Como filho de paraibanos de classe média, também enfrentei certas dificuldades, pois existe preconceito contra nordestinos no país. Mas a minha branquitude facilitou um caminho de suor e luta. Caso fosse preto ou pardo, a trajetória teria sido muito mais dura, travada pelo preconceito, pelo abismo educacional e pela tendência à desigualdade que predomina em nosso país.
As pessoas só entendem de fato o que é racismo quando se tornam suas vítimas. No Brasil, nós, os “brancos”, praticamente não sabemos o que é se sentir discriminado. Até sermos preteridos ou discriminados no exterior por não sermos 100% Wasp (white, anglo-saxonic and protestant).
Lembro-me de um episódio da série Além da Imaginação (Twilight Zone) em que um personagem era preconceituoso com judeus, negros e asiáticos. Na fantasia da trama, o personagem vai se transformando, sucessivamente, em judeu, negro e asiático, até sofrer na pele o peso da discriminação.
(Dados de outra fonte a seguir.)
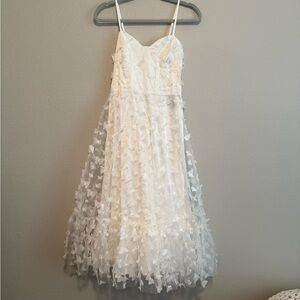 White Midi Butterfly Dress
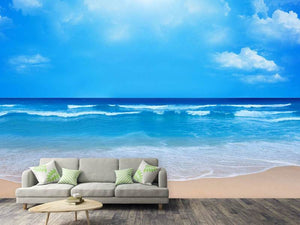 Photo Wallpaper Gentle Beach Waves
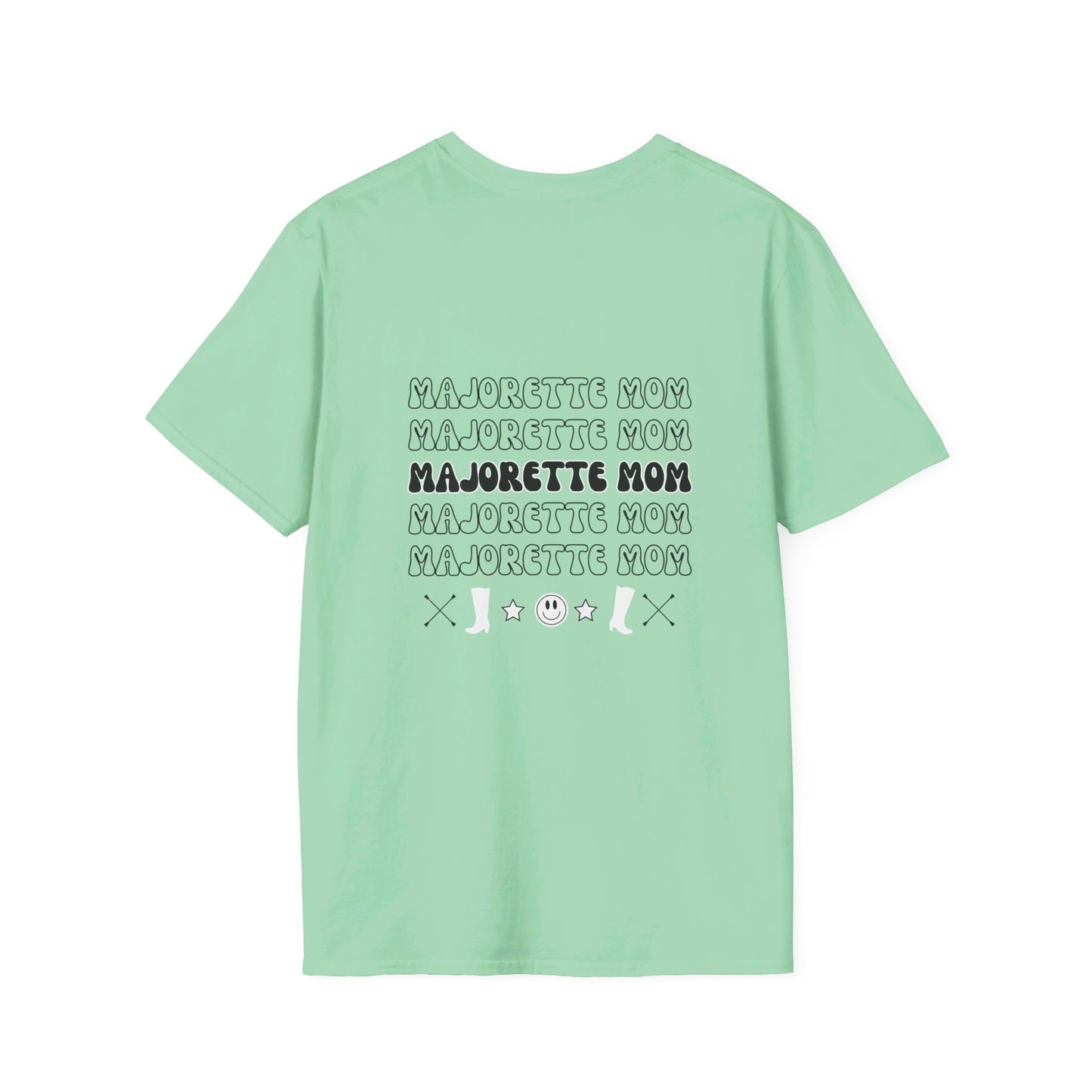 Majorette Mom Unisex Softstyle T-Shirt, Birthday Gift for Baton Twirler Mom Friday Night Lights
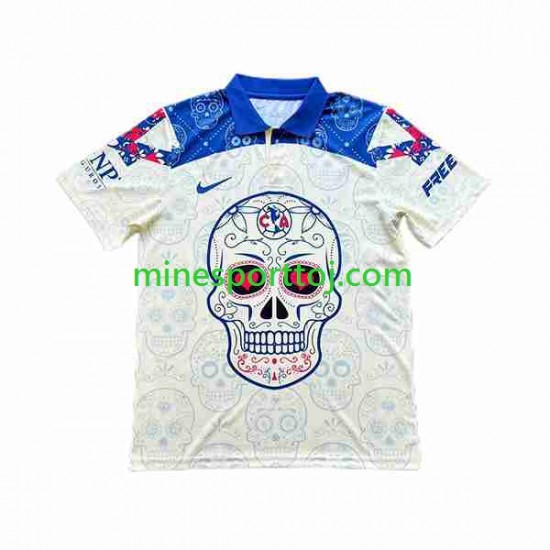 Club América Day of the Dead Herre Udebane Fodboldtrøje 2023-2024 Lange Ærmer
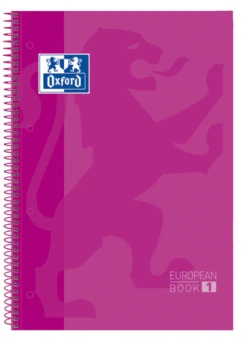CUADERNO EUROPEANBOOK 1 TAPA EXTRADURA A4 80 HOJAS 5X5 COLOR FUCSIA OXFORD 100430270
Voltando ao Brasil, o sal da nossa terra é a cultura africana, violentamente transplantada para cá por conta da escravidão. Foi a vinda dos negros escravizados que inaugurou aqui a diversidade que até hoje não sabemos valorizar nem proteger como deveríamos.
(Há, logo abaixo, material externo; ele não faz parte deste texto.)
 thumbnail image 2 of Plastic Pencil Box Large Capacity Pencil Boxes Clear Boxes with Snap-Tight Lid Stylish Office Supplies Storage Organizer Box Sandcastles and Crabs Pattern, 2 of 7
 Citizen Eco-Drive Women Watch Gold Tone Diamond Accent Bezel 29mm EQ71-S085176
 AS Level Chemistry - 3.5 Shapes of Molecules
Politicamente, os avanços são lentos. Na prática, a representação de pretos e pardos no Congresso Nacional é ínfima e não proporcional. O mesmo ocorre no Judiciário, com uma magistratura predominantemente branca. Índices de escolaridade, renda e ocupação também mostram o peso do preconceito que se esconde por trás de uma aparência cordial. Enfim, estamos longe de ser uma democracia racial.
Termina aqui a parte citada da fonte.